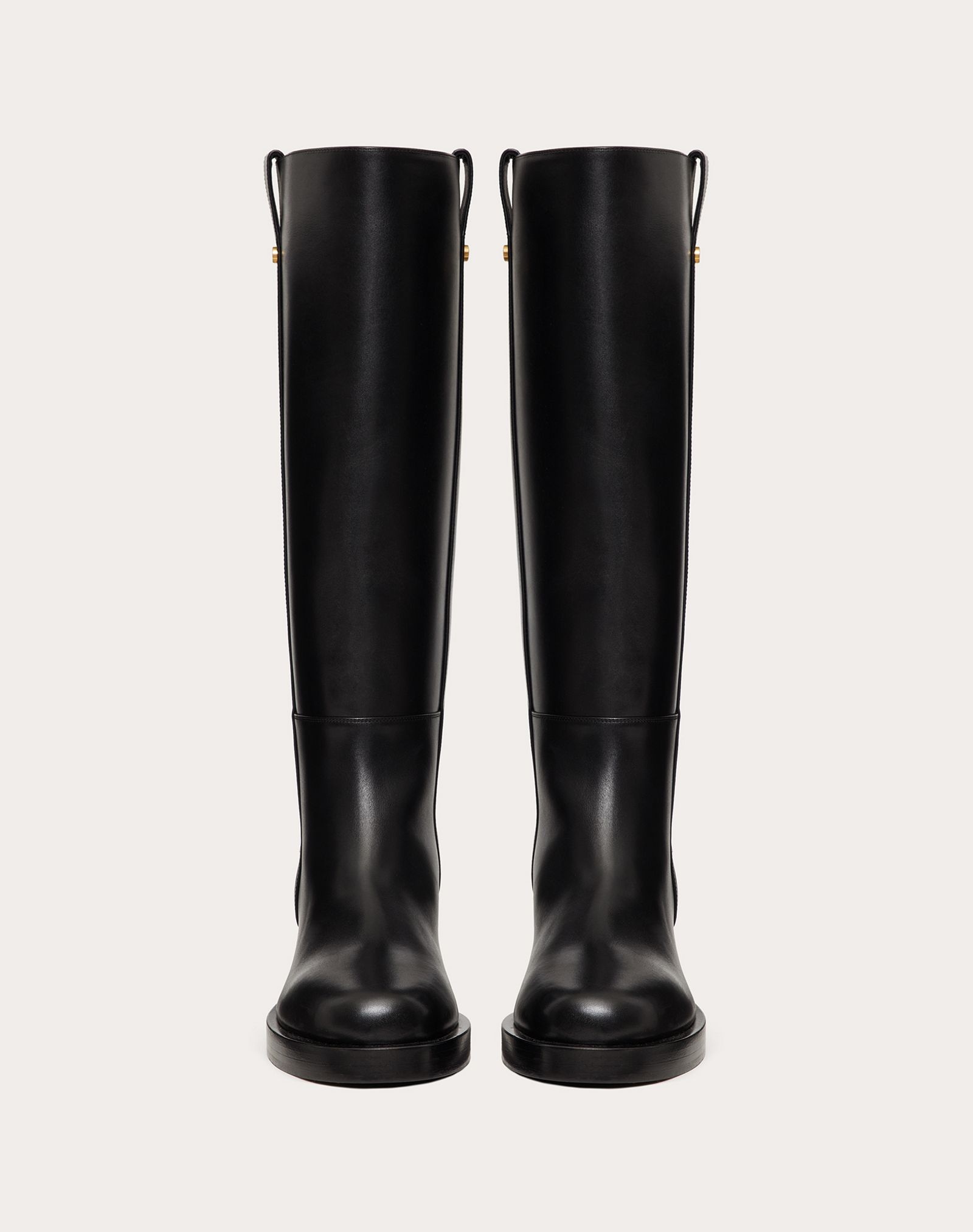 TroopUp Calfskin Boot 55 mm - 4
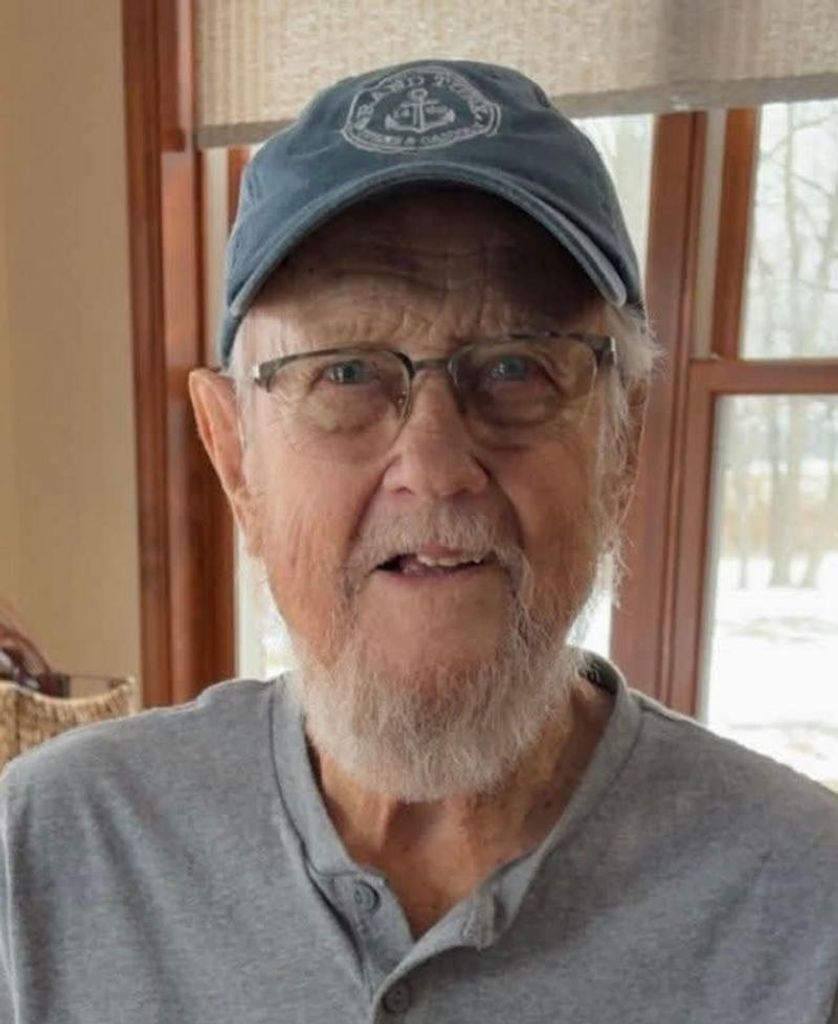 Arnold Overbey Profile Photo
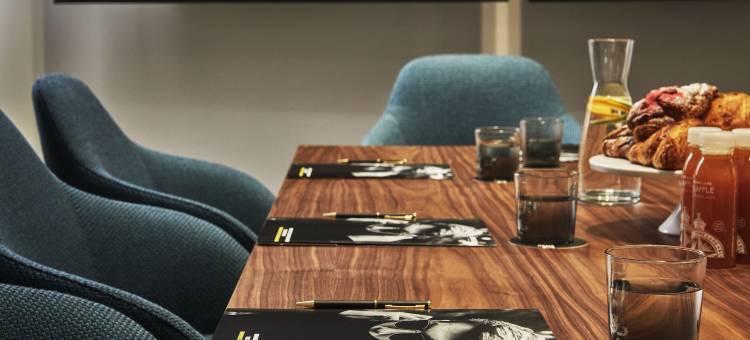 旧金山徽章酒店(Hotel Emblem San Francisco)图片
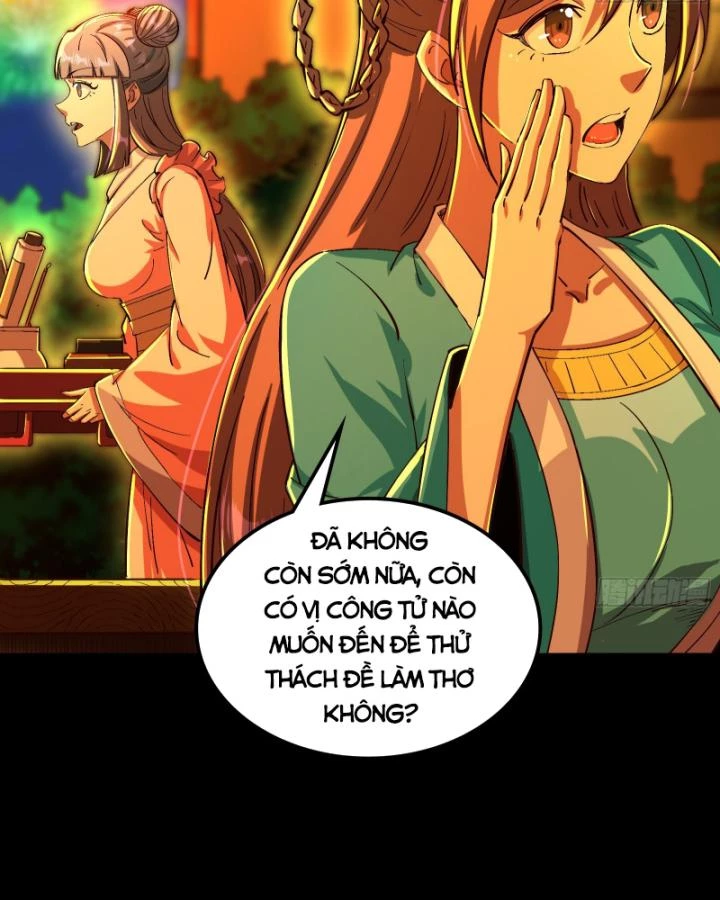 Giả Lập Tu Hành Của Ta Chapter 30 - 35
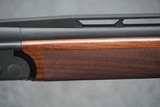 Rizzini BR110 Sporter-X 12 Gauge 30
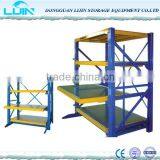 Mould Storage Drawer Rack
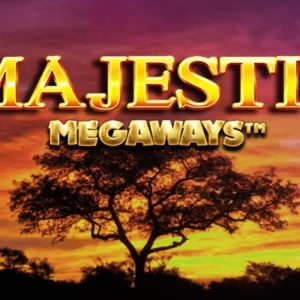 Majestic Megaways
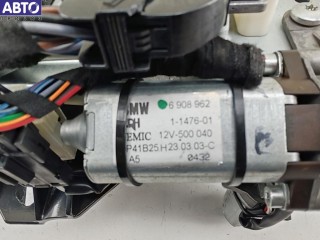 Колонка рулевая, ориг. номер 6757492, 6908961, 6764735, 6908962, BMW 7 E65/E66 (2001-2008)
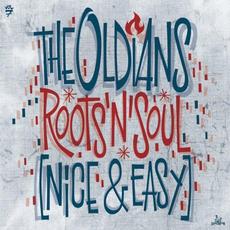 Roots’N’Soul (Nice & Easy) mp3 Album by The Oldians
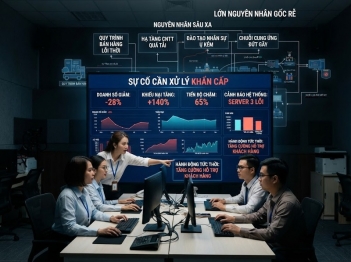 Tác giả Phan Minh Nhật Thành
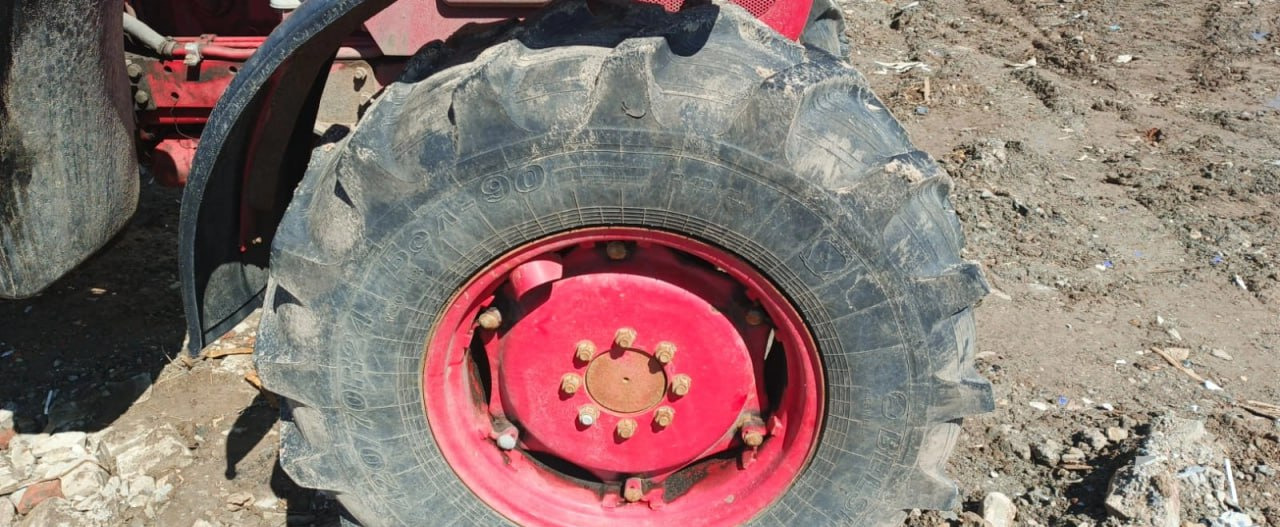 Трактор Трактор МТЗ 1221.3: фото 7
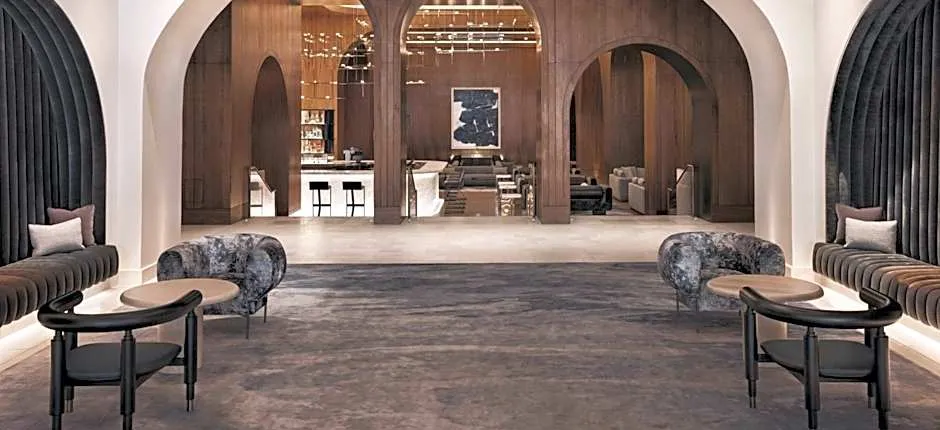 Signia by Hilton San Jose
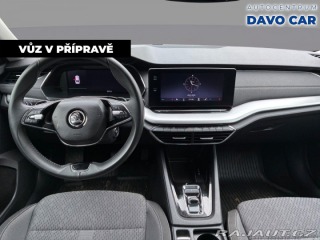Škoda Octavia 2,0 TDI 85kW DSG Style CZ 2022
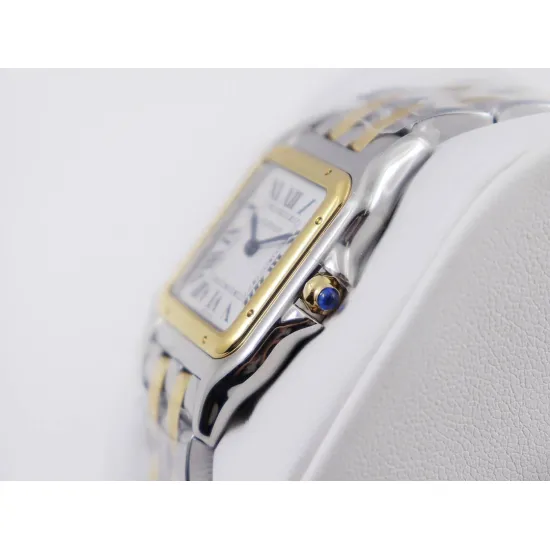 Cartier PANTHERE 27*37 22*30mm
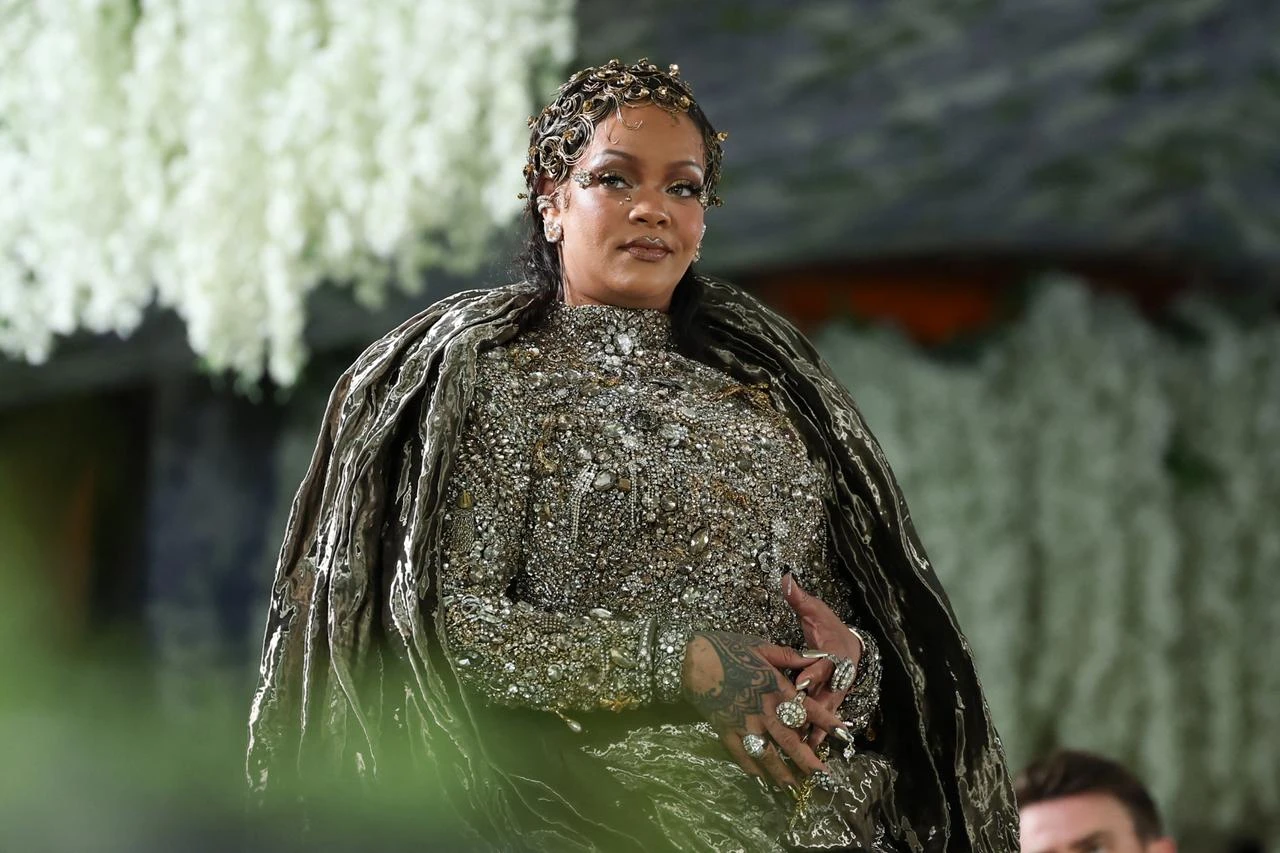 Court voids Rihanna trademark registration in Türkiye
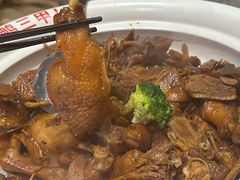 -厝小满.姜母鸭/泉州菜(桥南店)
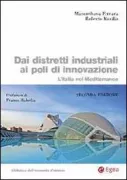 Copertina libro <b>Dai distretti industriali ai poli di innovazione</b>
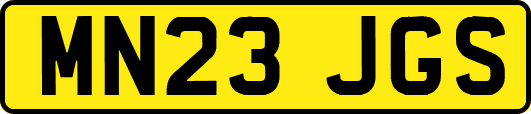 MN23JGS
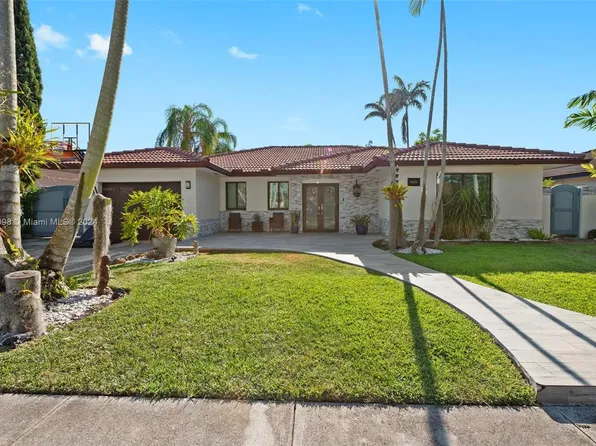 15270 SW 145th Ct, Miami, FL 33177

> _Directions_: Skipping every picture, reproduce the records word for word.

> _Written solution_:
 TroopUp Calfskin Boot 55 mm - 4
 Arnold Overbey Profile Photo
 旧金山徽章酒店(Hotel Emblem San Francisco)图片
 Giả Lập Tu Hành Của Ta Chapter 30 - 35
 Rizzini BR110 Sporter-X 12 Gauge 30
 Mould Storage Drawer Rack
 Majestic Megaways
 Колонка рулевая, ориг. номер 6757492, 6908961, 6764735, 6908962, BMW 7 E65/E66 (2001-2008)
 Roots’N’Soul (Nice & Easy) mp3 Album by The Oldians
 Tác giả Phan Minh Nhật Thành
 Трактор Трактор МТЗ 1221.3: фото 7
 Signia by Hilton San Jose
Škoda Octavia 2,0 TDI 85kW DSG Style CZ 2022
 Cartier PANTHERE 27*37 22*30mm
 Court voids Rihanna trademark registration in Türkiye
 -厝小满.姜母鸭/泉州菜(桥南店)
 Copertina libro <b>Dai distretti industriali ai poli di innovazione</b>
 MN23JGS
 15270 SW 145th Ct, Miami, FL 33177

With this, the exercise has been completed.